Ethiopia proposes electricity tariff reform w

By Eyasu Zekarias

The Ethiopian government has completed a comprehensive study on electricity tariff reform and submitted it to the Petroleum and Energy Authority. This move aims to recoup the costs of electricity provision in the face of the declining purchasing power of the dollar globally.

Ethiopia’s electricity sector, which requires significant foreign exchange to expand its services, has struggled to meet its needs due to the country’s current debt situation. The sector has not seen a tariff reform in the past 12 years, despite a partial reform in December 2018. Although this reform helped reduce some debt, it was insufficient to address the sector’s financial pressures.

Alemayehu Mengistu, the Director of Financial Administration for Electricity at the Ethiopian Electric Power (EEP), highlighted the financial strain on the country’s two main energy suppliers. He emphasized that the decline in the dollar’s purchasing power is a significant issue since most essential goods are imported. Alemayehu noted that if the tariff is reformed, there is a potential to increase the country’s electricity consumption from 55% to 74%. However, the sharp decline in the dollar’s value indicates that more funds are needed.

The steady growth in foreign exchange rates has adversely affected the construction of power generation, transmission, and substations.

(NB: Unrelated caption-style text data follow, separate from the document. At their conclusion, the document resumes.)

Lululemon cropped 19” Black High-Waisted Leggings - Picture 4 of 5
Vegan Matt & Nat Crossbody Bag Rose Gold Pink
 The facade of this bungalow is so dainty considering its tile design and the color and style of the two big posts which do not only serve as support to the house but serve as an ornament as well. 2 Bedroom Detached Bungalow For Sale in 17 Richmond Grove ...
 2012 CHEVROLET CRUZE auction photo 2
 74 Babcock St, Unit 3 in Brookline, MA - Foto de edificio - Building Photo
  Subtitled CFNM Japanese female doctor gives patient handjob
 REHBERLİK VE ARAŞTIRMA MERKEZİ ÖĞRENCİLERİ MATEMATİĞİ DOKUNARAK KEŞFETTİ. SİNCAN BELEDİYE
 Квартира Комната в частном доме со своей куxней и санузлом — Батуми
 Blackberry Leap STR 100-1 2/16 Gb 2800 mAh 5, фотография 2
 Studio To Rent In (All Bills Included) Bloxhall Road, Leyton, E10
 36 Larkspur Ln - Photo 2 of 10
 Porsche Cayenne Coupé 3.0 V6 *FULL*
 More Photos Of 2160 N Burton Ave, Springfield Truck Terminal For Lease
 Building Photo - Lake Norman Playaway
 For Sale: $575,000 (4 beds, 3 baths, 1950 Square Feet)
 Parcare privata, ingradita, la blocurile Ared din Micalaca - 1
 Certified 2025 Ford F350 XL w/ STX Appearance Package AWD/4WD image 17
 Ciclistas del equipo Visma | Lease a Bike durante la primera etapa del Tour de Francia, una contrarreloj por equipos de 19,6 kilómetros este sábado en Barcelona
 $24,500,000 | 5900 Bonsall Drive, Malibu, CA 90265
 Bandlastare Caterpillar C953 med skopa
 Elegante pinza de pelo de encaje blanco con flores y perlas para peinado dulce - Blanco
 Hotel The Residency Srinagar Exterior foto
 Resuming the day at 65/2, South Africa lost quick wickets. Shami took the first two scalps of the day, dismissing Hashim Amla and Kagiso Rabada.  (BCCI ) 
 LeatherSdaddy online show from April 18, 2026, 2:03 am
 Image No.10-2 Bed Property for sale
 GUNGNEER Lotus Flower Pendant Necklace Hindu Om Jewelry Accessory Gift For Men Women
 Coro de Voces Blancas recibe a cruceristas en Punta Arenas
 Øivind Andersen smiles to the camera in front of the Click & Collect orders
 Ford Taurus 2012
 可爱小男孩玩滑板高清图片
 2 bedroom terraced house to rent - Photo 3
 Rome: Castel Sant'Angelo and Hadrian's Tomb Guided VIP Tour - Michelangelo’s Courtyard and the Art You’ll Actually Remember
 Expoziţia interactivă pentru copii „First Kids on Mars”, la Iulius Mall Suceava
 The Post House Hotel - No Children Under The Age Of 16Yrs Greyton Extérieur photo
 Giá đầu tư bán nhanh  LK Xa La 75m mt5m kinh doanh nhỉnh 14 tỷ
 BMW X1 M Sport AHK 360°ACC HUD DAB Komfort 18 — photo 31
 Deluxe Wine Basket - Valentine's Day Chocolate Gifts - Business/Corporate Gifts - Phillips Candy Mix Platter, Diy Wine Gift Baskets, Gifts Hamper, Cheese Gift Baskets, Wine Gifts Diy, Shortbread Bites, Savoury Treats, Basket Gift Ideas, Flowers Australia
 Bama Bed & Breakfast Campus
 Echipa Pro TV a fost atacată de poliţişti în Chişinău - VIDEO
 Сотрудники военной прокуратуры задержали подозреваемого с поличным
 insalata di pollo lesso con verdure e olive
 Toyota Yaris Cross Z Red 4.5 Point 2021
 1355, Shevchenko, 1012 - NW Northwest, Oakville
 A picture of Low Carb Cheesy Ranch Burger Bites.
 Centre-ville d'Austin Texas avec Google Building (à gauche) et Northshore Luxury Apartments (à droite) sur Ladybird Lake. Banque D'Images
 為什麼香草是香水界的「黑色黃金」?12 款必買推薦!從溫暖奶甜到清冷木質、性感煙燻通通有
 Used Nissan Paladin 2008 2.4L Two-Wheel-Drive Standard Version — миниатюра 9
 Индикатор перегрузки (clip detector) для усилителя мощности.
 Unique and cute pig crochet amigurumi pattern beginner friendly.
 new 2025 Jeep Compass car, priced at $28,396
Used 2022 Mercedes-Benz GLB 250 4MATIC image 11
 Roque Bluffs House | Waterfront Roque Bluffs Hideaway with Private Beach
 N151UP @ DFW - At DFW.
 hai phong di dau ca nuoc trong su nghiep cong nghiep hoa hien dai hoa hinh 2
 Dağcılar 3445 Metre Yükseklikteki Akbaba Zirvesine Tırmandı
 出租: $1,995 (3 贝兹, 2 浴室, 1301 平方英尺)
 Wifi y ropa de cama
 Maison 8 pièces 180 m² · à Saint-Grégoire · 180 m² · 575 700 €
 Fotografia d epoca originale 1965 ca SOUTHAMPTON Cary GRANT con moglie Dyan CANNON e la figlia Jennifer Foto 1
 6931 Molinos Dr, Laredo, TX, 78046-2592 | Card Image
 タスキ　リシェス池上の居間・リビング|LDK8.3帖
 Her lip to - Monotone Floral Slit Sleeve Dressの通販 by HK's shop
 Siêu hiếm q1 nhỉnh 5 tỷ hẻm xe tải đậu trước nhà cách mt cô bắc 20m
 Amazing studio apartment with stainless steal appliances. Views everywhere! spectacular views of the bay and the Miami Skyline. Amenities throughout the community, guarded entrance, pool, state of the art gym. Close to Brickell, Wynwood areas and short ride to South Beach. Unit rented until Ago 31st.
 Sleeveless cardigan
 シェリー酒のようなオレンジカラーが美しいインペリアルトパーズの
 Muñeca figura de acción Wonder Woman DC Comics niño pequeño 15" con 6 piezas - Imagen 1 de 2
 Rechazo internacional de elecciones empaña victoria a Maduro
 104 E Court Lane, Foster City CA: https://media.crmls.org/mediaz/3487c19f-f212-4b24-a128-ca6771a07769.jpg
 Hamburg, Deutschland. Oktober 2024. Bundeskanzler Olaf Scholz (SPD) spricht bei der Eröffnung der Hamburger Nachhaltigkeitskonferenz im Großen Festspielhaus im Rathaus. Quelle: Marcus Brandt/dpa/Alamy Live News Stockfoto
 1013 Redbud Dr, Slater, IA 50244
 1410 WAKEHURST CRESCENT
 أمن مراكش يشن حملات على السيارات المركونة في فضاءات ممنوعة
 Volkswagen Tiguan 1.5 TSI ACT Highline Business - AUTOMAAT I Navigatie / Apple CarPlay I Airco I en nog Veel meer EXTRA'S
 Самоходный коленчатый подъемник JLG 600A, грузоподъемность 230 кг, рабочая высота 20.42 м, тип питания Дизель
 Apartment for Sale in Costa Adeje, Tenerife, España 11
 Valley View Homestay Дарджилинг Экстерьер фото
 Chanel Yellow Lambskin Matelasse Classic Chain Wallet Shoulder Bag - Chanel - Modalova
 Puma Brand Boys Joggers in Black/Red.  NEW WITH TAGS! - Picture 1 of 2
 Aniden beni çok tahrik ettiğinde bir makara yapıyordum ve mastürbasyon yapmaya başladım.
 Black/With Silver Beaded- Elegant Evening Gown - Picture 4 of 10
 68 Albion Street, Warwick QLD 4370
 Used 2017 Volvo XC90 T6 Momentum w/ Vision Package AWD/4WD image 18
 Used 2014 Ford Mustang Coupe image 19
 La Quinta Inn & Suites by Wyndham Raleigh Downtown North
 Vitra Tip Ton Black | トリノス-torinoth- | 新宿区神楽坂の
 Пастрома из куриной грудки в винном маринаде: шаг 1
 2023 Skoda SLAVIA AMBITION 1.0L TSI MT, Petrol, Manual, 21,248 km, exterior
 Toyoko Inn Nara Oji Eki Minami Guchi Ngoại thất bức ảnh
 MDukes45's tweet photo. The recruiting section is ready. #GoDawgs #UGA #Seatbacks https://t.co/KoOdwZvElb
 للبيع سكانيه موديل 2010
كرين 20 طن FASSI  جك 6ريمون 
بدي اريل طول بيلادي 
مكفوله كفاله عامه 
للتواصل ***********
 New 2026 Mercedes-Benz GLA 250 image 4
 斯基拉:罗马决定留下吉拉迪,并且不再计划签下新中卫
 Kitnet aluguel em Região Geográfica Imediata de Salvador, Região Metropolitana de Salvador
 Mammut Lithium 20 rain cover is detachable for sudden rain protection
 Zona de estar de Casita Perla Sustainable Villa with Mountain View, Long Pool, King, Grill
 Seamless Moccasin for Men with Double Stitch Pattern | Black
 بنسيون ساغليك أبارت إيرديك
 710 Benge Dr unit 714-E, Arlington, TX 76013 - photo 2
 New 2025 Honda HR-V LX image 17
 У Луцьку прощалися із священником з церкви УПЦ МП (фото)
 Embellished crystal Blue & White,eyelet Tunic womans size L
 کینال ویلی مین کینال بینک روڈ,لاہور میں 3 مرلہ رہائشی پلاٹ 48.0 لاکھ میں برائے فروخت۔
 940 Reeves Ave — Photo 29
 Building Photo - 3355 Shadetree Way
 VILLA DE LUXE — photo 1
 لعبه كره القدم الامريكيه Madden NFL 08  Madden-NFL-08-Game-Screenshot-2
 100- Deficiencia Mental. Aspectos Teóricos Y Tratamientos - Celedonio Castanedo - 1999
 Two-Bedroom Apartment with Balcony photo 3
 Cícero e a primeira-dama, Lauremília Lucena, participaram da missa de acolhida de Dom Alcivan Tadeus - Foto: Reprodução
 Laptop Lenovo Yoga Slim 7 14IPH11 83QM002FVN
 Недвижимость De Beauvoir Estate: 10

Approximately 85% of the country’s power transmission projects and 40% of power generation projects require foreign currency, making the sector highly vulnerable to global financial fluctuations.

This week, EEP and Ethiopian Electric Utility (EEU) discussed the tariff revision recommendations with stakeholders at the Adwa Museum Collection Hall. The need for reform is underscored by the average annual loss of 26 billion birr that EEP has incurred for operations and maintenance due to the outdated tariff system implemented in 2018.

The electricity tariff has increased from 6.3 billion birr to an average annual increment of 5 billion birr, reaching 29 billion birr today. Over the past four years, the company has seen an average annual revenue growth of 5 billion birr. However, despite this growth, the sector is losing an average of 26 billion birr annually due to construction, operation, and maintenance costs.

Moreover, Ethiopian Electric Power’s debt constitutes 50% of its current capital of 627 billion birr. The obligation to repay this debt is a driving force behind the government’s decision to implement the necessary tariff reforms.

The government’s reform efforts are seen as a last resort to stabilize the electricity sector and ensure its sustainability amid the challenges posed by the fluctuating global economy.